Rock City ParkOur family is on a nature exploration kick lately, and no one is more surprised than me. It’s never really been our thing. Granted, we stick to “bunny slope” versions of hiking trails, and I don’t go anywhere without a backpack filled with antibacterial wipes and provisions for a potential week in the wild.

Earlier this fall we scrambled over a mossy rock embankment to reach the Old Stone Church in Dover Plains, a town park in the Hudson Valley. Most recently, we explored Rock City Park, home to the world’s largest exposure of quartz conglomerate, in Olean, New York. It’s a small city in the western part of the state, just north of the Pennsylvania border. And it was a little—okay, a lot—out of the way as we headed toward Niagara Falls, but we got to spend some time with Matt’s cousin, who told us about this “world’s largest.” We couldn’t resist!

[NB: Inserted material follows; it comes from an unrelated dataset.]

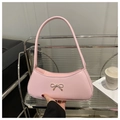 Nahaufnahme der rosa Schultertasche mit Metallschleife und schmalem, flachem Griff - Rosa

This place makes you exclaim “wow” on a continuous loop. Rock formations, created 320 million years ago, surround and engulf you as you make your way through the 45-minute hiking trail. The rocks represent a combination of shale with exposed quartz veins, non-quartz sediment, and Olean conglomerate. Geologists believe the crevices and fractures formed 280 to 225 million years ago.

kids hiking

Your tour starts by descending down stairs into one of these crevices, called “Fat Man’s Squeeze.” There are endearing names like this for most points along the trail, as well as for many of the largest rocks.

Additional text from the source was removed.